Lembrou-se do avô. Dessa vez não de sua voz. Mas de sua morte.
***
A primeira porta que viu foi a da sala de equipamentos. A autopreservação o fez enxergar uma chave de metal do tamanho de um braço. Lembrava-se daquela chave, de algum lugar.
(Sobreviva!)
Trancou-se na sala de equipamentos, se escondendo no escuro, por detrás de uma caixa de peças de reposição.
Silêncio. Apenas o coração batendo com uma força que parecia querer explodir as artérias do pescoço.
Ouviu passos.
A maçaneta da porta girou. A luz pálida do corredor invadiu o lugar por um filete tímido.Então ele viu mãos enormes abrirem a porta até o canto. A silhueta abominável da criatura despontou diante do astronauta contra a luz do corredor. A criatura olhou para o lado e emitiu um som na direção do corredor.Roddy achou ter visto todos os dentes de uma coisa primitiva, faminta por carne humana. O ser mergulhou no escuro do recinto com passos confiantes e firmes, balbuciando na direção de Roddy.

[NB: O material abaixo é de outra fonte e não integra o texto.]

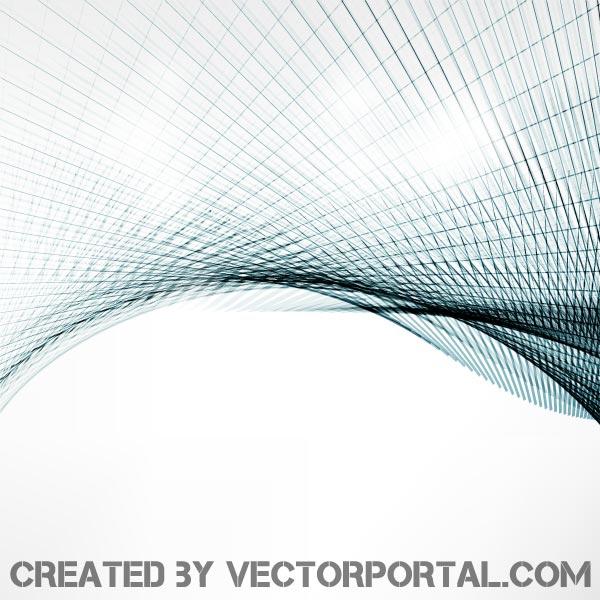Vector Abstract Curved Lines Background Pattern Graphics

Acuado e sem opções, ele segurou firme a pesada chave e avançou. Mas falhou.
O monstro o segurou pelo pescoço, o levantou e disse alguma coisa numa língua que ele não compreendia. Estava acontecendo, ele temeu a vida toda por aquilo. Sem forças, Roddy viu o mundo escurecer e se foi.
***
Extasiada, a criatura estrangulou o homem até que ele perdesse todas as forças. Os gritos e o barulho da pesada ferramenta de metal caindo ao chão fez-se ouvir por toda a nave.Logo dois tripulantes chegaram, mas não encontraram nada além de silêncio e um corpo ensanguentado ao chão.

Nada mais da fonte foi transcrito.